Radio Vaticana - In calo il numero totale degli affamati: 842 milioni rispetto a 868 milioni dello scorso anno. Lo studio è stato elaborato da Fao, Pam ed Ifad, le tre agenzie Onu che si occupano di cibo, alimentazione ed agricoltura, impegnate a raggiungere gli obiettivi del Millennio, fissati al 2015, per migliorare le condizioni di vita delle popolazioni più povere. Roberta Gisotti ha intervistato Piero Conforti, economista della Fao, responsabile delle Statistiche sulla sicurezza alimentare: ascolta
Tra le forme più drammatiche di povertà è la mancanza di cibo: 1 persona su 8 nell’intero pianeta ancora oggi patisce la fame cronica, massima parte nei Paesi in via di sviluppo, specie nella regione africana subsahariana, dove gli affamati sono 1 su 4 ma anche in Asia e in America Latina il diritto al cibo è negato a centinaia di milioni di persone, cosi come a 16 milioni che vivono nei Paesi ricchi.
D. – Dott. Conforti, il rapporto indica 86 milioni in meno di affamati rispetto allo scorso anno. Anzitutto, come si arriva a contare chi non ha cibo in tutto il mondo?
R. – Il fatto che noi comunichiamo spesso un numero di persone che soffrono la fame potrebbe indurre a pensare che siamo in grado di contare una per una queste persone, ma purtroppo non è così. Tutto quello che i dati ci consentono di fare è di stimare una probabilità che un individuo, preso a caso in una popolazione, non abbia cibo sufficiente per condurre una vita attiva e sana.
D. – Essere scesi ad 842 milioni di affamati è un buon traguardo?
R. – Ci sono due obiettivi principali a livello internazionale per quanto riguarda la lotta alla fame nel mondo.
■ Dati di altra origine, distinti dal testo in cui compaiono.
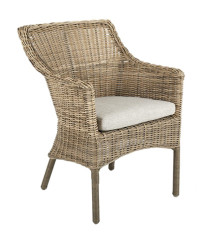 LENORA Diningstuhl, rustic, m. Sitzkissen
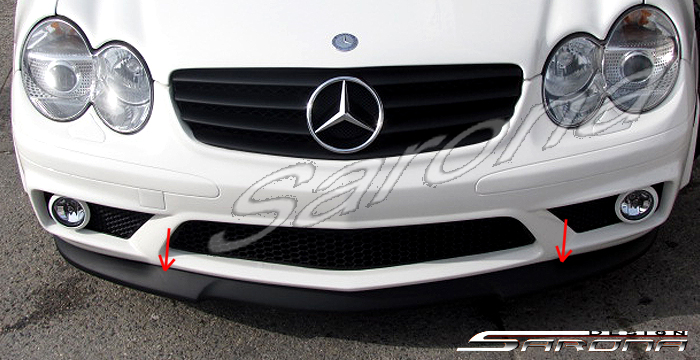 Custom Mercedes SL  Convertible Front Lip/Splitter (2006 - 2008) - $299.00 (Part #MB-011-FA)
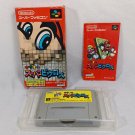 MINT NINTENDO Super Famicom SFC Mario Super Picross Complete CIB Japan Tested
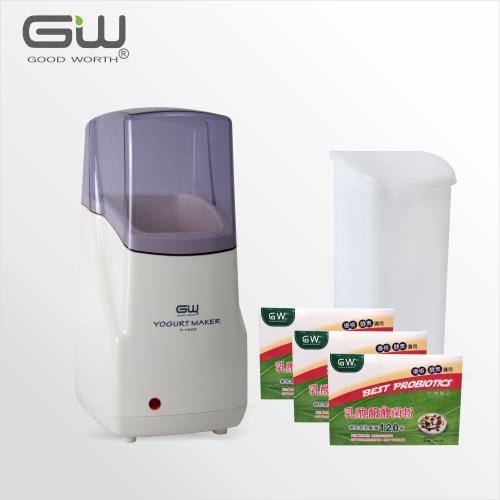 GW 水玻璃 優格製造機Y-1000 超值全配組(45包菌粉+優格機+發酵杯)
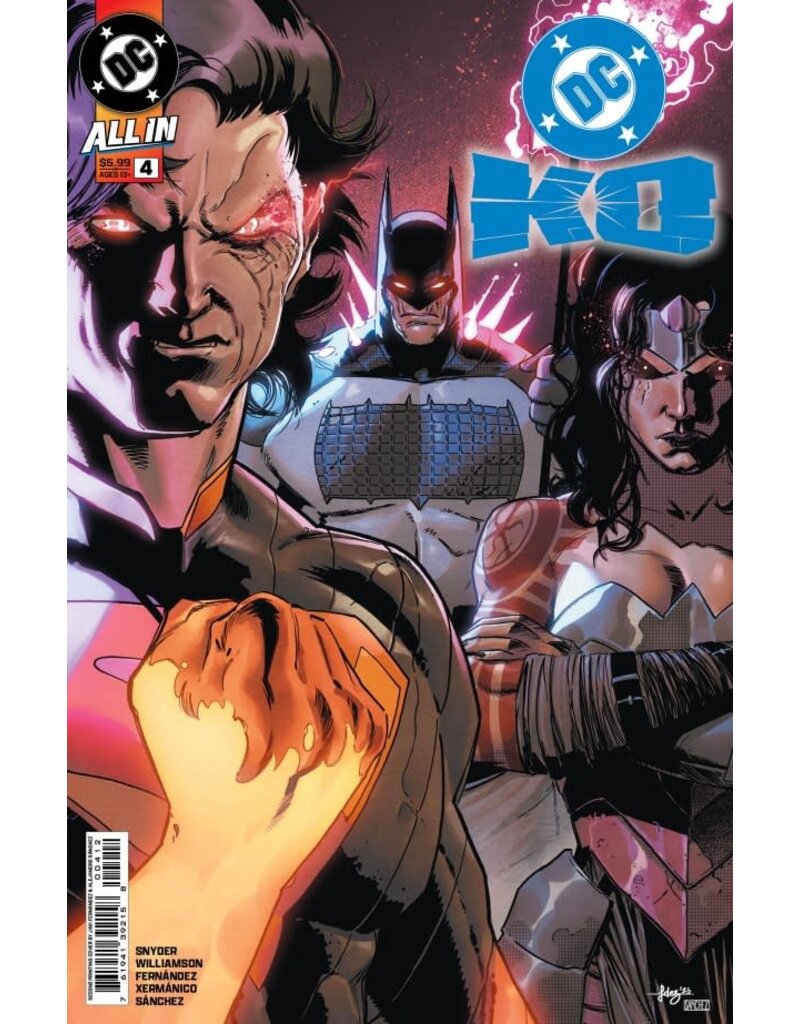 DC COMICS DC K.O. #4 2nd Printing Javier Fernández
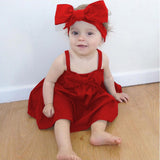 Newborn Bowknot Short Mini Dress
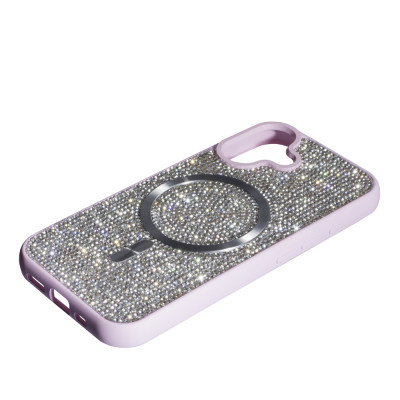 Накладка Diamond with Magnetic для iPhone 16- рожевий Накладка Diamond with Magnetic для iPhone 16- рожевий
Siamo in una condizione di assoluta impossibilità a raggiungere il primo dei due obiettivi, quello più ambizioso: ridurre entro il 2015 il numero di persone sottonutrite a meno di 500 milioni. Questo in due anni è impossibile dato che ne contiamo adesso circa 840 milioni. Viceversa, l’Obiettivo del Millennio che parla solo della percentuale di persone sottonutrite è relativamente vicino: l’attuale percentuale globale è valutata intorno al 14% e dovremmo ridurla di un altro paio di punti percentuali entro il 2015. Questo, quindi non è impossibile.
D. – Nel Rapporto, si dice che con una spinta finale l’obiettivo di sviluppo può essere raggiunto. In che modo?
R. – Bisogna fare una serie di interventi che aiutino a ridurre a breve il numero di persone che soffrono di sottonutrizione senza compromettere lo sviluppo a lungo termine. Quello che a lungo termine vediamo è che la crescita economica – soprattutto se condivisa e se capace di creare opportunità economiche, di impiego per i più poveri – ha un impatto positivo sulla sicurezza alimentare. Quindi, occorre fare di più, diventare più efficienti e crescere. Inoltre, occorre condividere i frutti di questo processo con i più poveri, in particolare con gli agricoltori che hanno una parte molto importante in questa storia. Tutte quelle che sono le reti di protezione sociale e altri elementi ridistributivi di questo genere possono aiutare molto la causa della fame, anche a breve termine.
D. – L’importante è che le tre agenzie dell’Onu facciano sentire la loro voce alla comunità internazionale…
R. – Sì, è quello in cui siamo impegnati. La settimana prossima, alla Fao si terrà la riunione annuale del Comitato per la sicurezza alimentare: un grande foro in cui si cerca di facilitare il dialogo tra le agenzie come la nostra, le altre agenzie con base a Roma, i governi e tutti gli altri attori coinvolti inclusa la società civile e, nella misura possibile, anche il settore privato. Crediamo molto nell’importanza di facilitare questo dialogo per identificare le politiche più adatte a migliorare la condizione della sicurezza alimentare nel mondo.